Caffeine (in all forms) adds to cortisol hormone that I mentioned earlier – the ‘fight or flight’ response, which is released in reaction to fear or stress by the adrenal glands as part of the fight-or-flight mechanism. And since acne is a stressful condition for most, caffeine is something to steer clear of (stress fuels the cortisol, which leads to body freaking out and purging pimples unto the skin) – at least for a period of time.
Again, just as I stated with coffee, if you cannot give up your fave caffeinated tea, consume only organic variety (to avoid pesticides + herbicides) for 2 weeks and see if you notice more or less acne.
If you notice no change in acne, then give up tea altogether and replace with herbal teas (we want to test if “no caffeine” will improve your acne). Since caffeine is addicting and difficult to forego cold turkey, I recommend limiting your caffeine intake to only 1 cup a day until you can totally eliminate it from your routine.
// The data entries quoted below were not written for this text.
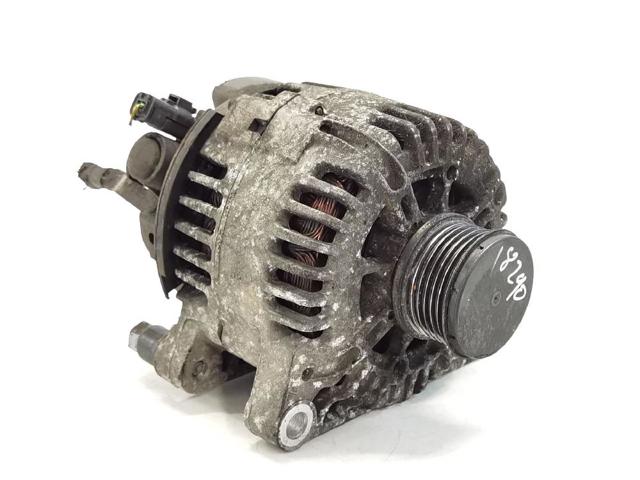 FIAT 9646321780 Alternador comprar Pamplona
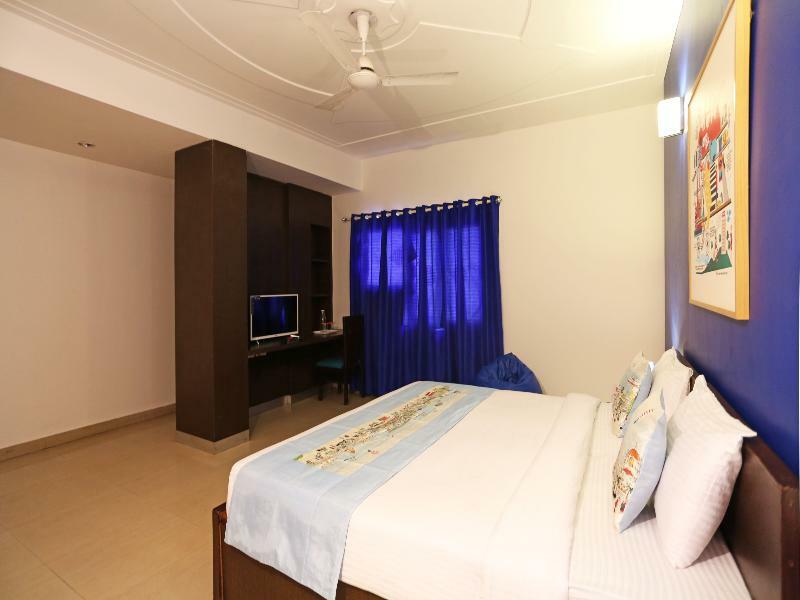 Hotel Oyo 5410 Era International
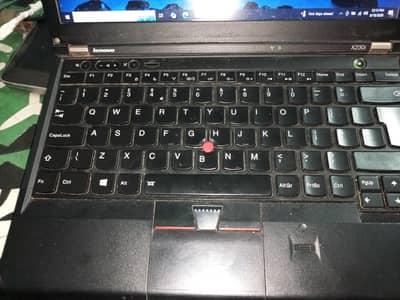Lenovo Thinkpad x230i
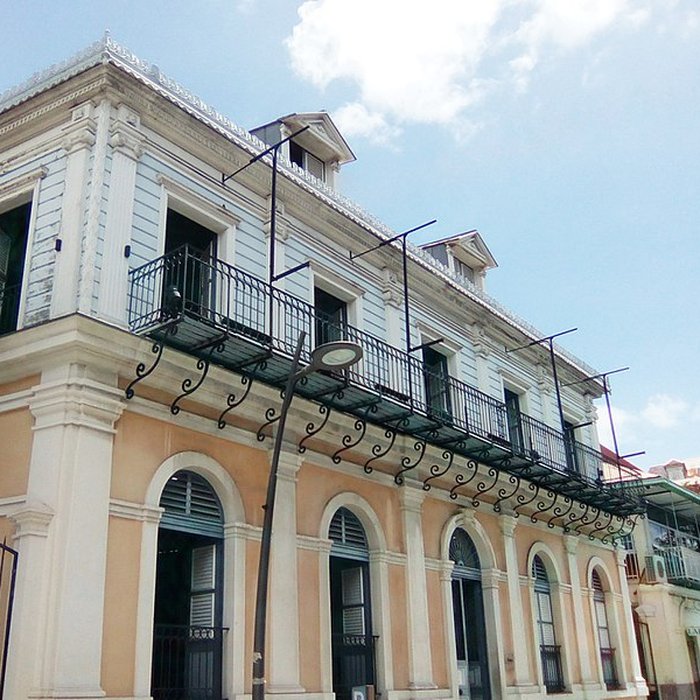 Photo de Hôtel de Ville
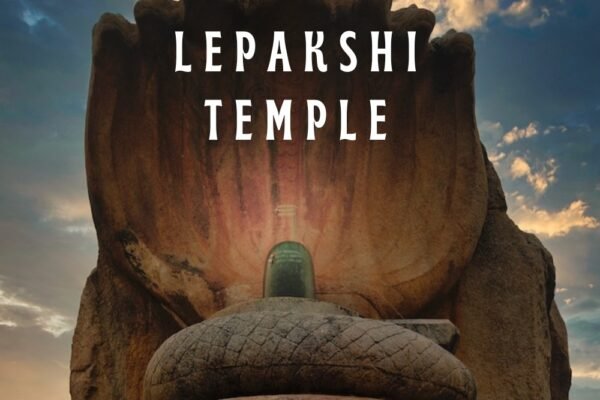 Lepakshi Temple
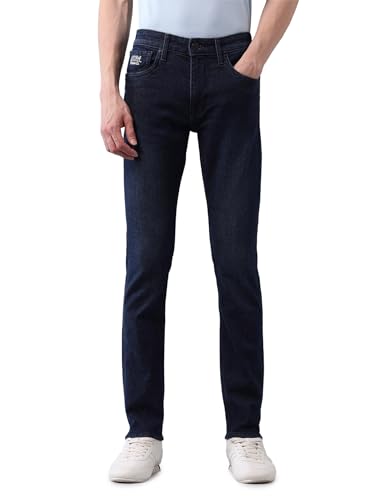 Image of U. S. POLO ASSN. Men's Skinny Jeans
Personally, I drink organic green teas daily (limit to 1 cup) for health benefits and never had it aggravate my skin. Hence, my love for matcha green tea lattes! However, please understand that everyone responds differently to caffeine and must be aware of possible consequences that lead to acne.
Tea is less acidic than coffee and gentler on the stomach, which is why it is a safer caffeine beverage.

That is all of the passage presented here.